The best evidence for diagnosis of PMR is lacking due to the absence of clear diagnostic criteria, which could be better clarified first by more frequent reporting of the wide range of PMR presentations, including those from CALD backgrounds and those with complicating factors such as dementia and frailty. In elderly populations, these comorbid geriatric syndromes are not uncommon, and the risks of misdiagnosis or delays in diagnosis are high when PMR is not clearly defined. Current corticosteroid treatments are quick and effective, so swift diagnoses can help to reduce hospital stays and improve the quality of life of PMR patients. However, establishing precise diagnostic criteria for PMR remains a formidable challenge due to the multitude of variables that can influence diagnosis, such as comorbidities and medication complexities. Additionally, the diverse and nonspecific early presentation of PMR further complicates diagnostic efforts. The prospect of a diagnostic blood test seems promising, yet its development poses its own set of challenges.

Future Perspectives

It has become apparent that different ethnicities may present PMR differently. Further research into understanding these differences to facilitate timely diagnoses and education for migrant groups will be valuable in our diverse culture. Investigatory markers that do not rely on self-reported history or risky steroid treatments would also be valuable in understanding patients with CALD backgrounds or cognitive impairment.
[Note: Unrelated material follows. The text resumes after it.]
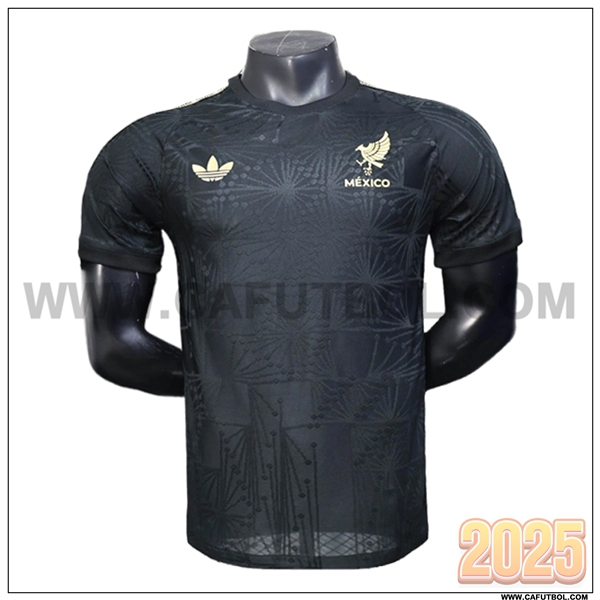 Camiseta Equipo de Mexico Negro Edicion Copa de Oro 2025 2026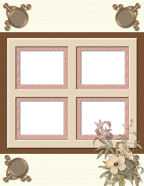 floral scrapbooking templates for beginning store templates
Improved understanding of the disease pathogenesis may also allow for more precise, targeted therapy to be uncovered, with a more constructive safety profile. While steroid-sparing treatments are currently being trialled, the toxicity profile limits their use in geriatric patients. Safer treatments are needed for this condition that primarily affects the elderly as well as early onset.86–90

Conclusions

The present atypical case of PMR in an elderly patient was difficult to diagnose due to the presence of comorbid geriatric syndromes. Nonetheless, extensive analysis through physical examination and laboratory/radiological assessments helped not only in diagnosis but also timely treatment of the disease. It became apparent in this literature review that the documentation of atypical cases is lacking, especially those where common geriatric conditions of dementia and frailty may have made assessment and diagnosis difficult. As PMR becomes more common with age, reporting of these conditions’ effects on assessment and diagnosis are important for clinicians looking to make timely, effective diagnoses. The current patient regained much of his mobility in the weeks following treatment, restoring his former independence. The prompt diagnosis and treatment of atypical PMR cases is, as illustrated, important in improving the quality of life of sufferers.

Acknowledgments

I would like to thank Helena Ng (consultant geriatrician), Dr Stephanie Ward (Director of Training, Monash Health), and Dr Michael Gingold (consultant rheumatologist) for their guidance throughout this project and editorial feedback on the original and revised manuscripts.

Disclosure

The authors declare no conflicts of interest in this work.